**Directions**
Once you find the line below that contains "Géant Casino Maggi", write it out along with every later line exactly as given, stopping only when the records end. Omit the pictures.
** Opening Exercise data block **
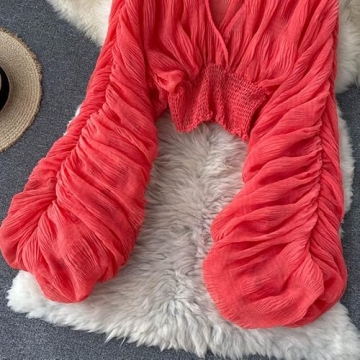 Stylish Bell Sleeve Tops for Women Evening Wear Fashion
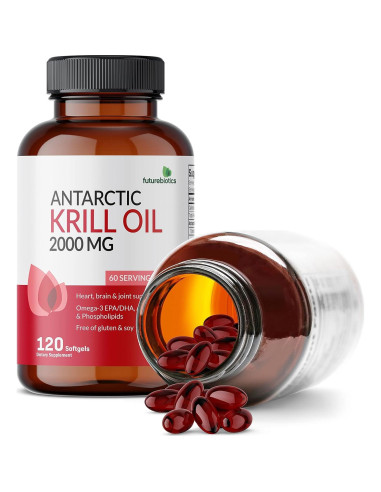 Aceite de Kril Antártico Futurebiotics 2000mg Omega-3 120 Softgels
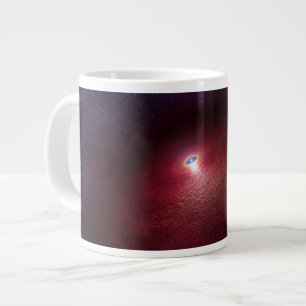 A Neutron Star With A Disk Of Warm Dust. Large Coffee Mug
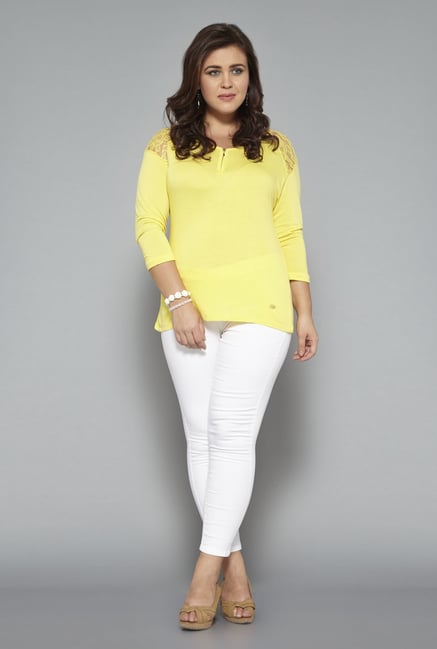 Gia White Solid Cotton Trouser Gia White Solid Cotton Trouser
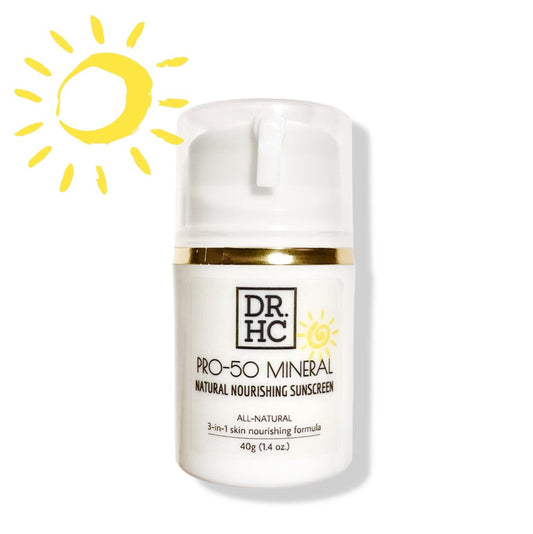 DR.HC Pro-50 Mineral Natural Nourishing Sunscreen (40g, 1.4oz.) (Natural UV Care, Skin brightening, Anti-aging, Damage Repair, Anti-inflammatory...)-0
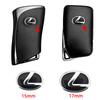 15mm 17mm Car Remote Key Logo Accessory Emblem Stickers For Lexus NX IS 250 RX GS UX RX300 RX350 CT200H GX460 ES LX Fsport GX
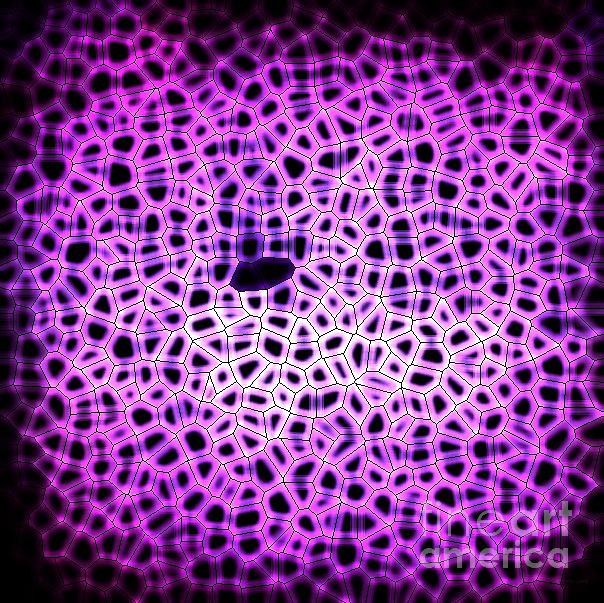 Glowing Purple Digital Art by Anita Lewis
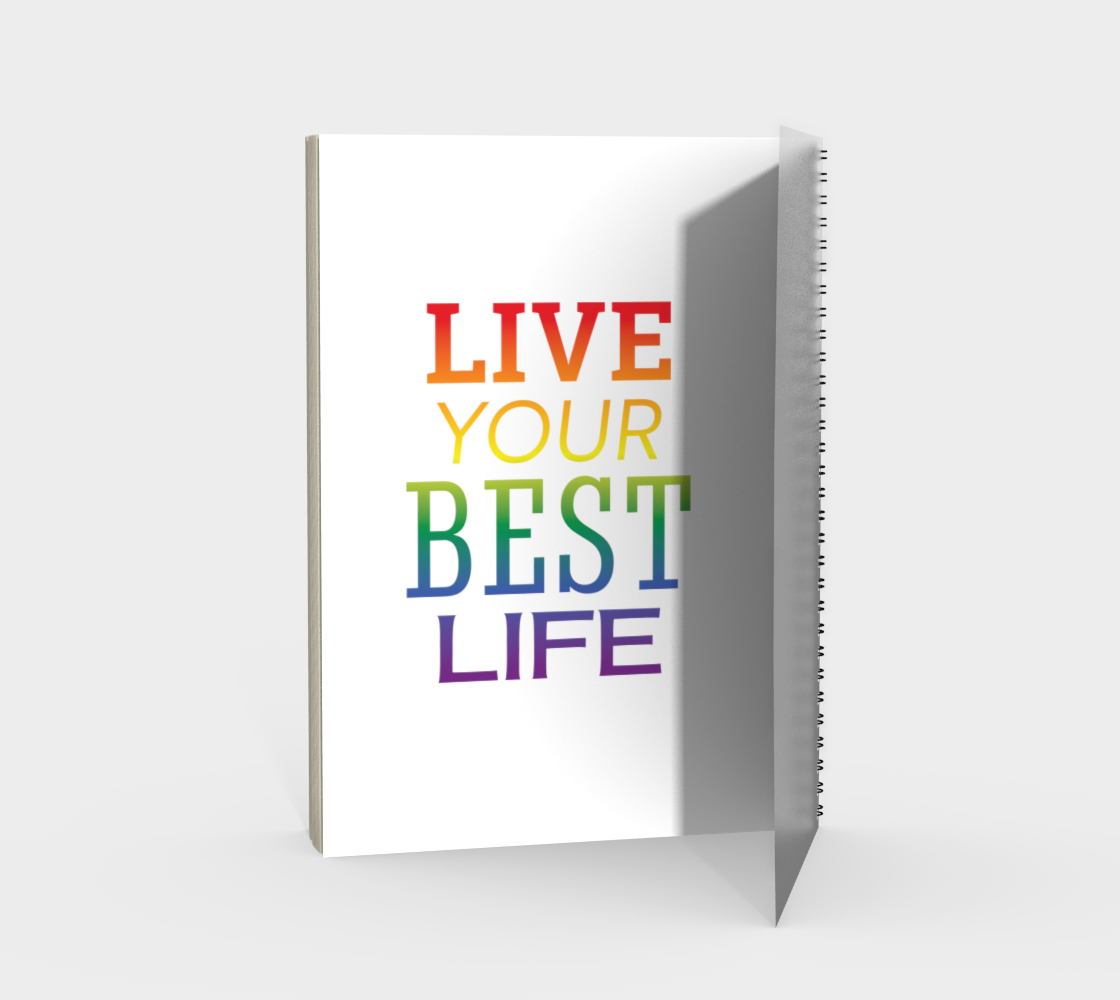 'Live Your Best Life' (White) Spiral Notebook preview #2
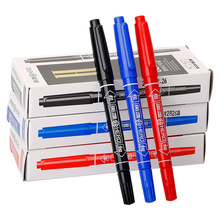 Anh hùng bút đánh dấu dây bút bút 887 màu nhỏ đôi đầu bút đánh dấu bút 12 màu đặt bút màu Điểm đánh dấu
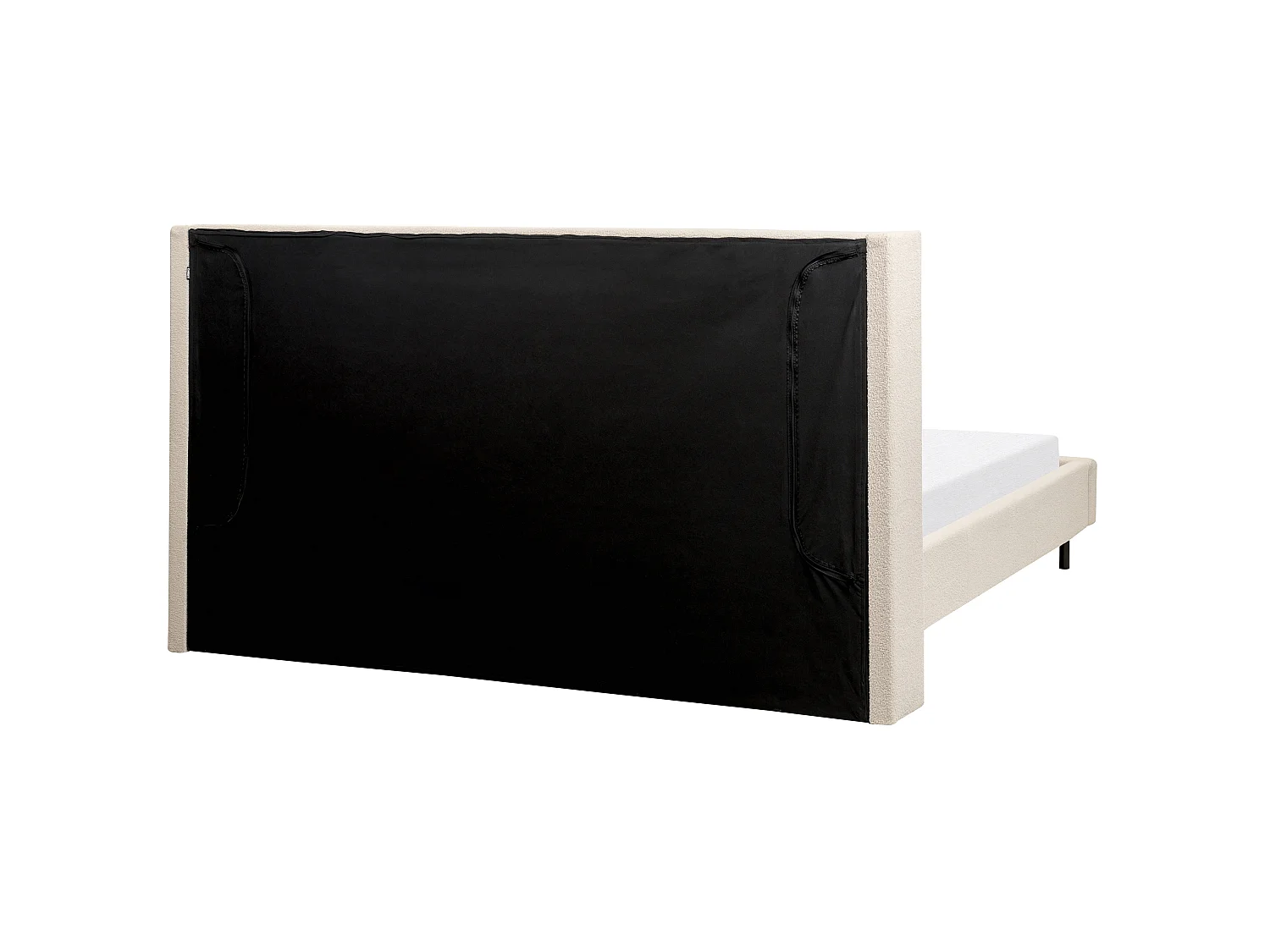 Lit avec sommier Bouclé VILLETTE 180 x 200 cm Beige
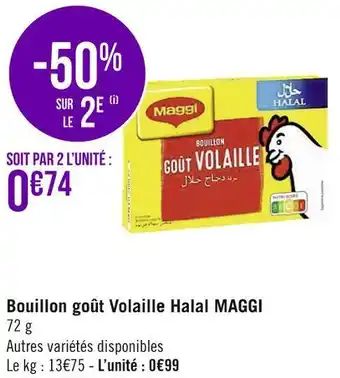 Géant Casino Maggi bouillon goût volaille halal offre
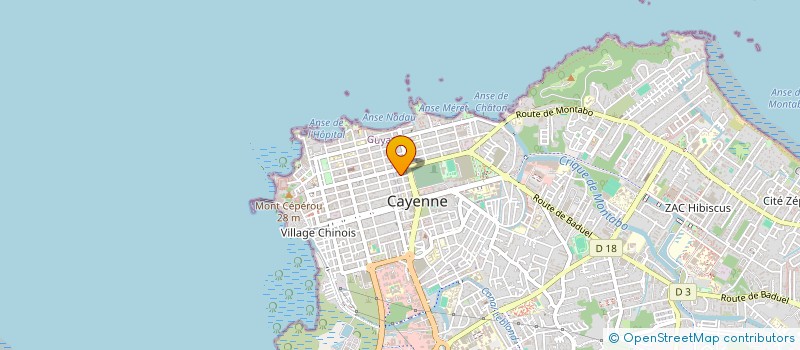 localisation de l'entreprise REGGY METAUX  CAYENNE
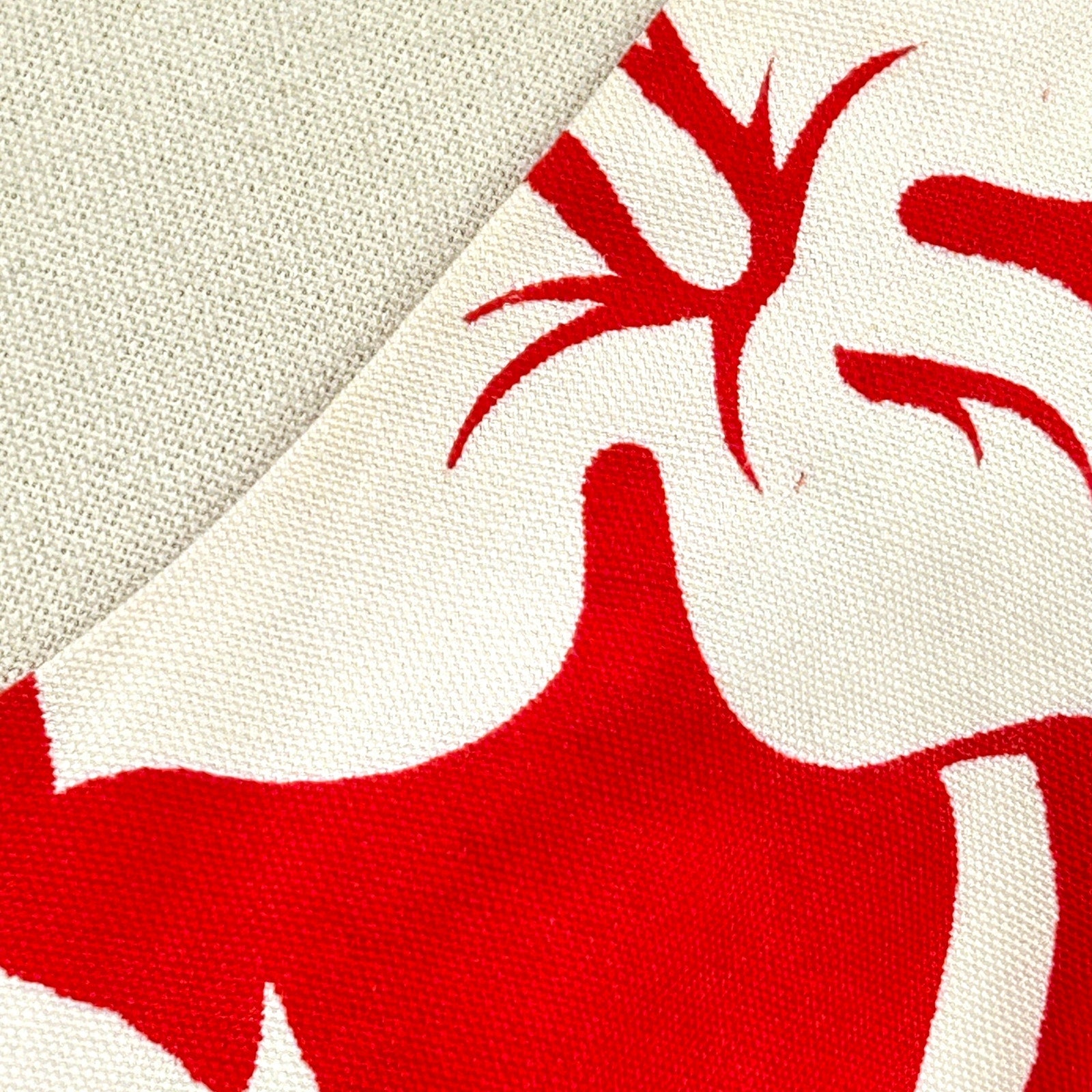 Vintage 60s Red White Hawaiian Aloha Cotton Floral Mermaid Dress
** Closing Exercise data block **
**Task response**
 Géant Casino Maggi bouillon goût volaille halal offre
 localisation de l'entreprise REGGY METAUX  CAYENNE
 Vintage 60s Red White Hawaiian Aloha Cotton Floral Mermaid Dress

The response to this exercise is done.